In 1996, the Supreme Court expressly reaffirmed the Estrada rule. (People v. Nasalga (1996) 12 Cal.4th 784, 792, fn. 7 (Nasalga).) In a prior case, the court had suggested that the rationale of Estrada had been undermined by further developments in penology in this state. (In re Pedro T. (1994) 8 Cal.4th 1041, 1045, fn. 1, citing § 1170, subd. (a)(1) [“Legislature finds and declares that the purpose of imprisonment for crime is punishment”].) In Nasalga, however, the court rejected an invitation to reconsider Estrada in light of this change in penological theory. “In the 31 years since this court decided Estrada, ... the Legislature has taken no action, as it easily could have done, to abrogate Estrada.” (Nasalga, at p. 792, fn. 7.) In short, in Nasalga the court reaffirmed the Estrada rule on the ground of legislative acquiescence, regardless of the continuing persuasiveness of the Estrada rationale. (Cf. People v.
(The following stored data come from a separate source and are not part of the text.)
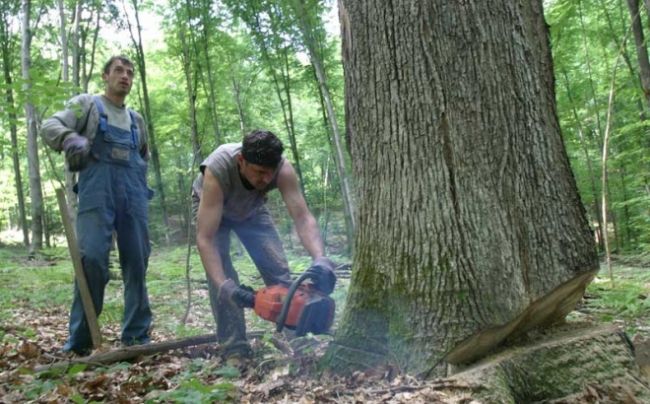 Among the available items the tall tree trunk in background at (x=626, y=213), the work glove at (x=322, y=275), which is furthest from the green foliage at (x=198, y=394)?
the tall tree trunk in background at (x=626, y=213)

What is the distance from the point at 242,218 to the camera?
364 centimetres

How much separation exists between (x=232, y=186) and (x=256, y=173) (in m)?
0.25

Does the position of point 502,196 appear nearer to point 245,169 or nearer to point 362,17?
point 362,17

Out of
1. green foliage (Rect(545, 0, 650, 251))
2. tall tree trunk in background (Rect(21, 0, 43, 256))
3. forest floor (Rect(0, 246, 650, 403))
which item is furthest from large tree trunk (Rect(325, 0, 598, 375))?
tall tree trunk in background (Rect(21, 0, 43, 256))

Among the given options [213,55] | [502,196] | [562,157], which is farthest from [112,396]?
[213,55]

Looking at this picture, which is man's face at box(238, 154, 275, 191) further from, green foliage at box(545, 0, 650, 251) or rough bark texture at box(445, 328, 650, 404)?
green foliage at box(545, 0, 650, 251)

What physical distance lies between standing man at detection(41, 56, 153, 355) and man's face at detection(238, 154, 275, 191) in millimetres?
1087

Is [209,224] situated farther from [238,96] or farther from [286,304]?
[238,96]

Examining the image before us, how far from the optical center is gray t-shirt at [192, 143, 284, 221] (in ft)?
10.9

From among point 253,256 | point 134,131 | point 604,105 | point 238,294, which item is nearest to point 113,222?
point 134,131

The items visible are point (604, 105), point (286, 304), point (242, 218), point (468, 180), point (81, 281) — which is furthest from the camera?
point (604, 105)

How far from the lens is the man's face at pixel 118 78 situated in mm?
3902

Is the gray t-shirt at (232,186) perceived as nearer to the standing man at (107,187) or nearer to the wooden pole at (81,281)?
the standing man at (107,187)

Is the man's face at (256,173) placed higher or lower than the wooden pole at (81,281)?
higher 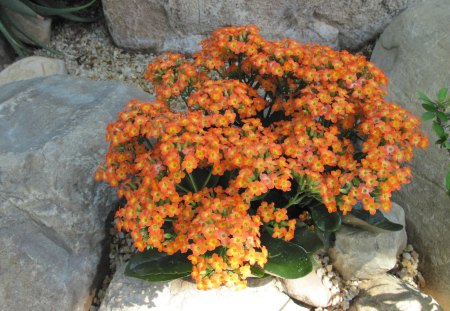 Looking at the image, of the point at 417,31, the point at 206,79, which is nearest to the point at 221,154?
the point at 206,79

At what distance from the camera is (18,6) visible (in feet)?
12.9

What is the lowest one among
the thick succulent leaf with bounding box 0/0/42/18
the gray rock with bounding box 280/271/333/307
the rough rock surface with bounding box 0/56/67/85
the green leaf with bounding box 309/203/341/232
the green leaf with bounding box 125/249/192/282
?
the rough rock surface with bounding box 0/56/67/85

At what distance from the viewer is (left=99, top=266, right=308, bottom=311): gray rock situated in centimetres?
236

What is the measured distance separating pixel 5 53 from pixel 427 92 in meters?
3.38

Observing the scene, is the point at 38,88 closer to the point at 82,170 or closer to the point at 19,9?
the point at 82,170

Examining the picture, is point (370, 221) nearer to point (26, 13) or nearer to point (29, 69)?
point (29, 69)

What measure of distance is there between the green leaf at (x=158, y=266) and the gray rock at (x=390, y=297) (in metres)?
0.94

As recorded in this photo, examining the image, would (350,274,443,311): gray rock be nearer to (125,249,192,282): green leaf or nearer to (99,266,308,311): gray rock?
(99,266,308,311): gray rock

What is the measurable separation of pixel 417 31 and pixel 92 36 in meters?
2.65

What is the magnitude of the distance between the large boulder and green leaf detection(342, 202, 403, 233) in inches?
17.1

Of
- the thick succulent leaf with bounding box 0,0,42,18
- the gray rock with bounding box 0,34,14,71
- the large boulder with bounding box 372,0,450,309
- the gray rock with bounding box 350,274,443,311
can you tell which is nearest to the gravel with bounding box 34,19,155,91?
the gray rock with bounding box 0,34,14,71

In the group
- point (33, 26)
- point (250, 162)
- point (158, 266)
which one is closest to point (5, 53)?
point (33, 26)

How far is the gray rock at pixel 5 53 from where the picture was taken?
169 inches

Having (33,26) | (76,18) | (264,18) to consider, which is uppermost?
(264,18) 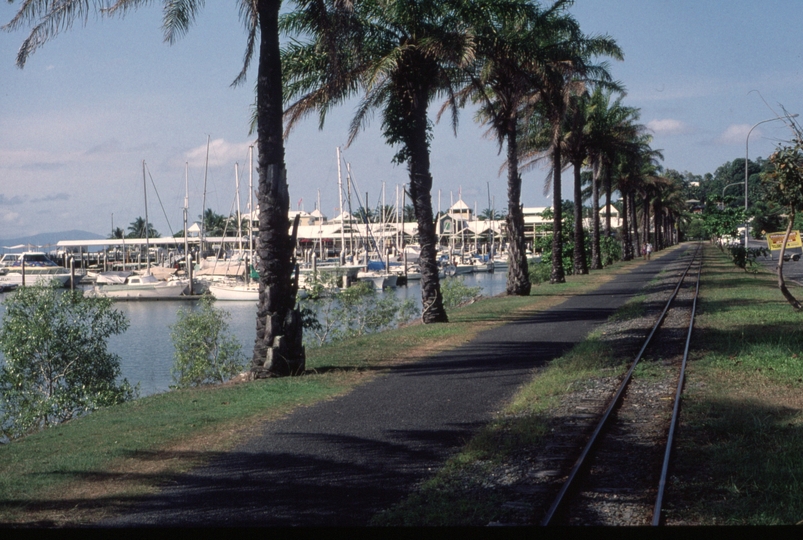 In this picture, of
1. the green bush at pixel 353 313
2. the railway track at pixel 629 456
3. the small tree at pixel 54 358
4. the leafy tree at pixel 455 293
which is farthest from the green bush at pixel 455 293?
the railway track at pixel 629 456

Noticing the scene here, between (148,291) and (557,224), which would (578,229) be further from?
(148,291)

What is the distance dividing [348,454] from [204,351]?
1350cm

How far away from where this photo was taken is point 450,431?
31.4ft

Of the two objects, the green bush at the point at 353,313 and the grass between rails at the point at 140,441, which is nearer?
the grass between rails at the point at 140,441

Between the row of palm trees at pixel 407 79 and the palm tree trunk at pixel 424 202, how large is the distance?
0.03 m

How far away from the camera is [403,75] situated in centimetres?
2100

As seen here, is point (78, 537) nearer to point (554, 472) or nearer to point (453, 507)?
point (453, 507)

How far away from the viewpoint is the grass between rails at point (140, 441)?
23.9 feet

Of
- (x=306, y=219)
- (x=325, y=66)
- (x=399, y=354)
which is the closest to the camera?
(x=399, y=354)

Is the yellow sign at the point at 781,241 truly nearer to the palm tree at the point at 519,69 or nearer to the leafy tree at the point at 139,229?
the palm tree at the point at 519,69

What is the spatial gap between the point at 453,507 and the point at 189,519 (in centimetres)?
212

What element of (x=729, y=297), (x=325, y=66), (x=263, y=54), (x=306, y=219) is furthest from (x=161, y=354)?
(x=306, y=219)

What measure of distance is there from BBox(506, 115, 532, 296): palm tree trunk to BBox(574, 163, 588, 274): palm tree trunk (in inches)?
528

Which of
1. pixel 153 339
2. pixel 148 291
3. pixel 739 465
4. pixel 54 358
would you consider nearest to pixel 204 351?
pixel 54 358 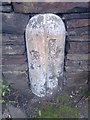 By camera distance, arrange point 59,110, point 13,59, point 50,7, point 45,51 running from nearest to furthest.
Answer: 1. point 50,7
2. point 45,51
3. point 13,59
4. point 59,110

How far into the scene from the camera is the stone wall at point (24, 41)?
1701 millimetres

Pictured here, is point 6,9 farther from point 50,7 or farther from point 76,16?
point 76,16

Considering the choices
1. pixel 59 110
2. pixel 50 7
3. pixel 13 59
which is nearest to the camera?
pixel 50 7

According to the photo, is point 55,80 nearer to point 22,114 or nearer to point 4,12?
point 22,114

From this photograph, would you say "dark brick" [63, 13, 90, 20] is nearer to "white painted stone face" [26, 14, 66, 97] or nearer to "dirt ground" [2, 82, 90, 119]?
"white painted stone face" [26, 14, 66, 97]

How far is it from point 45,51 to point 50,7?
361mm

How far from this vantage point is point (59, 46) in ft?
6.09

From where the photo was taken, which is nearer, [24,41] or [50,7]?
[50,7]

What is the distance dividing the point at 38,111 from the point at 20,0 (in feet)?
3.30

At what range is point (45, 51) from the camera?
186 centimetres

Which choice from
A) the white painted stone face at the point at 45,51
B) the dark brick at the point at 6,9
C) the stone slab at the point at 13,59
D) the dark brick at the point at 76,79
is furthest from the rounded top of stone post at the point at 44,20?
the dark brick at the point at 76,79

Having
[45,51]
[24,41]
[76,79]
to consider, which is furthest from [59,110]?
[24,41]

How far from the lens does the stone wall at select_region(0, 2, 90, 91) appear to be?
1.70 metres

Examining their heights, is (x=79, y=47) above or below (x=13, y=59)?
above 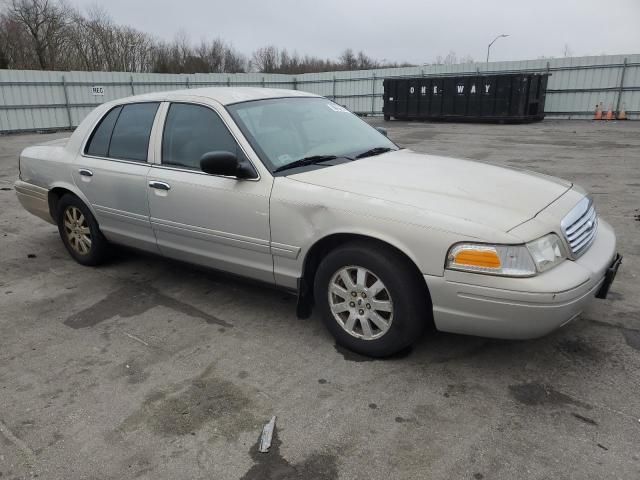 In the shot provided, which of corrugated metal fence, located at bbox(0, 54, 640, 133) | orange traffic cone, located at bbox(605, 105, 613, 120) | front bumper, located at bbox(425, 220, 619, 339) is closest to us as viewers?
front bumper, located at bbox(425, 220, 619, 339)

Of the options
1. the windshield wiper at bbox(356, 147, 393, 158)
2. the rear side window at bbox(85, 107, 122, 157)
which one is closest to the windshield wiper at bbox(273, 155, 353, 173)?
the windshield wiper at bbox(356, 147, 393, 158)

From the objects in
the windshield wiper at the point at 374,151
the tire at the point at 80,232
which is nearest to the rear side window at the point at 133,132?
the tire at the point at 80,232

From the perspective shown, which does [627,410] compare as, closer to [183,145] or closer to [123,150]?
[183,145]

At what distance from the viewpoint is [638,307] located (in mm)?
3801

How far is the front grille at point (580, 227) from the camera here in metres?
2.94

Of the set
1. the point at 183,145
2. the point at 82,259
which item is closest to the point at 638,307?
the point at 183,145

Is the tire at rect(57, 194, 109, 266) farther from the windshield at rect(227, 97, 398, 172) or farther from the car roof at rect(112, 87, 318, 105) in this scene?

Meloney (2003) 30 Cal.4th 1145, 1161 (Meloney) [“ ‘ “[when] a statute has been construed by judicial decision, and that construction is not altered by subsequent legislation, it must be presumed that the Legislature is aware of the judicial construction and approves of it” ’ ”].) After Nasalga, it is no longer open to debate whether the fact that the Legislature enacted a statute that mitigates punishment supports an inference that the Legislature intended the statute to apply retroactively. (Nasalga, at p. 792, fn. 7.)

Notably, during that 31-year period the Supreme Court had repeatedly followed and applied Estrada. (See, e.g., People v. Francis (1969) 71 Cal.2d 66, 75–76; People v. Rossi (1976) 18 Cal.3d 295, 298–300; People v. Chapman (1978) 21 Cal.3d 124, 126–127; People v. Babylon (1985) 39 Cal.3d 719, 721–722; Tapia v. Superior Court (1991) 53 Cal.3d 282, 300–301.)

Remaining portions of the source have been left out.